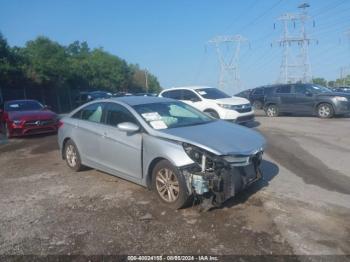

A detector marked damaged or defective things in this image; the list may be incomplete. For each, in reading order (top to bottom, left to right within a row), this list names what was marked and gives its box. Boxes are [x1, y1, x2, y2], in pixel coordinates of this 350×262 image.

crumpled hood [152, 120, 266, 156]
damaged front bumper [180, 149, 262, 207]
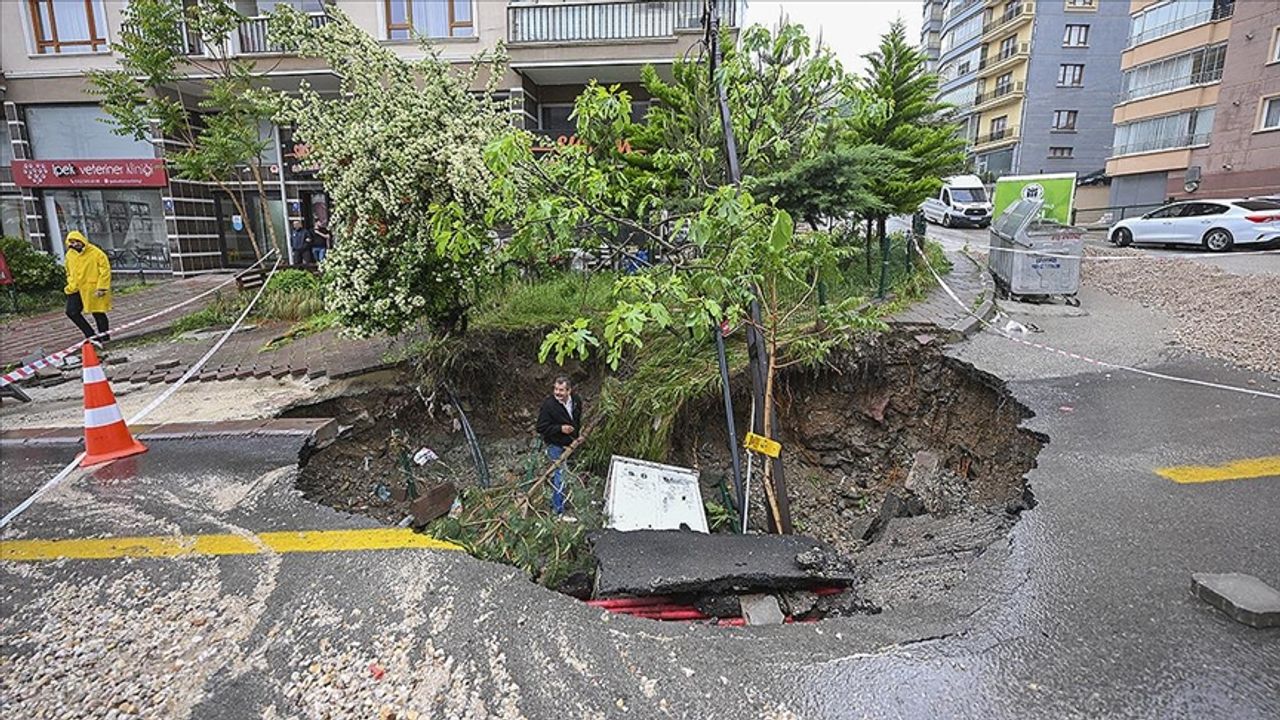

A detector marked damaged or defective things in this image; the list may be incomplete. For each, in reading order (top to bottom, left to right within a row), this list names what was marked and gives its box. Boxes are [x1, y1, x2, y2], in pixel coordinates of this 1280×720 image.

broken asphalt slab [591, 527, 860, 594]
broken asphalt slab [1187, 568, 1280, 625]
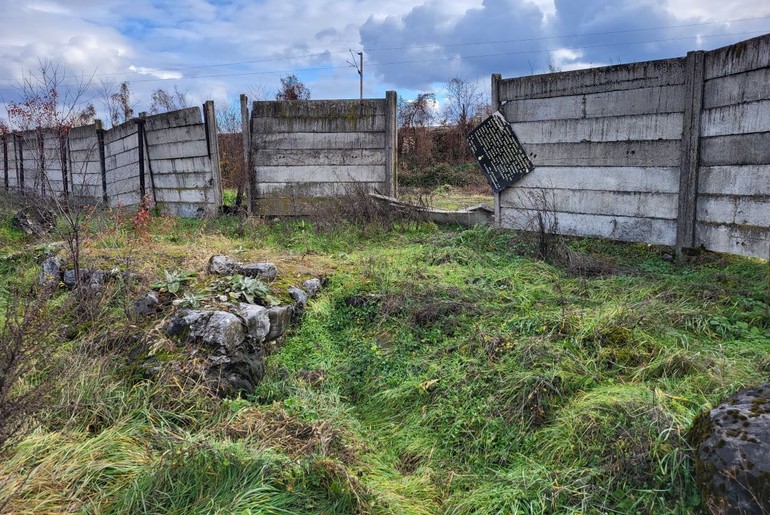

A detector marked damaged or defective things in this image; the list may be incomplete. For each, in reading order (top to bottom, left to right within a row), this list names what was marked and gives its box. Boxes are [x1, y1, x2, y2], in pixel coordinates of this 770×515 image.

broken wall remnant [492, 33, 768, 258]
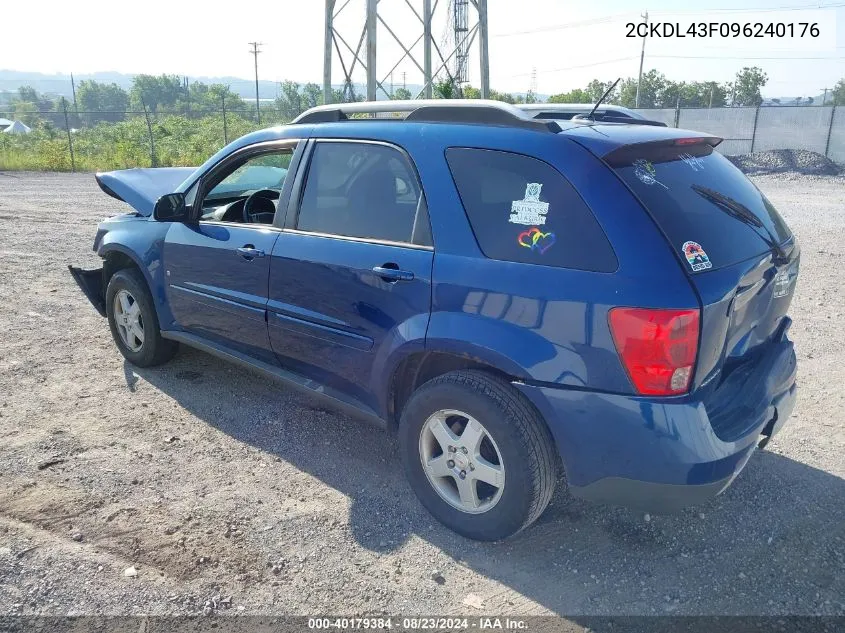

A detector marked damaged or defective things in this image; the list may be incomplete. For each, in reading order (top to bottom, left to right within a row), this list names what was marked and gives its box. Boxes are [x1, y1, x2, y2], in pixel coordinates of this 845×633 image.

WHAT IS NEEDED: Repeat the records word for word. Leave out whatever pictures they hold.

OUTPUT OF THE EXERCISE:
A detector marked damaged or defective things in this image; the list may be incomplete. For each, in reading order (top to bottom, left to right within a row), this list names what was marked and gives its box. Boxes are [x1, y1, x2, y2], in pixel coordinates of this 350×262 image.

crumpled hood [152, 120, 266, 156]
damaged front bumper [180, 149, 262, 207]

A detector marked damaged or defective things in this image; the list may be incomplete. For each, in reading order (top to bottom, left to right within a row), this list names what was marked and gives its box. Boxes are [x1, y1, x2, y2], in pixel coordinates of this 1280×720 image.

broken asphalt slab [591, 527, 860, 594]
broken asphalt slab [1187, 568, 1280, 625]

A detector marked damaged or defective things in this image; the list may be incomplete. For each, in reading order (top to bottom, left to right within a row), this list names what was marked and gives its box. Boxes are [x1, y1, x2, y2], in pixel coordinates of this 770×515 image.

broken wall remnant [492, 33, 768, 258]

A detector marked damaged or defective things in this image; the list may be incomplete. For each, in reading order (top to bottom, left to right within a row), this list names what was marked and gives its box. Boxes are [x1, y1, x2, y2], in pixel coordinates of this 845×633 image.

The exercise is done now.